Hello, I want to reopen this issue, since I am facing same error in our production environment and I am not able to solve this and want to ask for help.
Here is the error message I received:
Error while reading file dbfs:/mnt/dynamics/model.json.
Caused by: FileReadException: Error while reading file dbfs:/mnt/dynamics/model.json.
Caused by: InconsistentReadException: The file might have been updated during query execution. Ensure that no pipeline updates existing files during query execution and try again.

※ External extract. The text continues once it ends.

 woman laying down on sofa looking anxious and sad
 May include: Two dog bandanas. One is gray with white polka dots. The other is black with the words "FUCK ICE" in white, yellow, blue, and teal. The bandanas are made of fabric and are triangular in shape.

Caused by: IOException: Operation failed: "The condition specified using HTTP conditional header(s) is not met.", 412, GET, https://dynamics.dfs.core.windows.net/dataverse/model.json?timeout=90, ConditionNotMet, "The condition specified using HTTP conditional header(s) is not met. RequestId:78fa238b-501f-............ Time:2024-06-06T21:05:33.5168118Z"
Caused by: AbfsRestOperationException: Operation failed: "The condition specified using HTTP conditional header(s) is not met.", 412, GET, https://dynamics.dfs.core.windows.net/dataverse/model.json?timeout=90, ConditionNotMet, "The condition specified using HTTP conditional header(s) is not met. RequestId:78fa238b-............ Time:2024-06-06T21:05:33.5168118Z"
So apparently in the processing of a table, the model.json changes - it changed real-time by the source, so this is expected.
What I want is to just ignore that is changed and dont throw error. Just let it take model.json as is in the time of processing.
I tried to cache dataframe as last suggested, but it doesnt work and still throws same error.
This is what I added:
import org.apache.spark.storage.StorageLevel
val abcd = spark.read.json(somePath/model.json")
abcd.persist(StorageLevel.DISK_ONLY)
Please suggest how to deal with this error.
Thank you.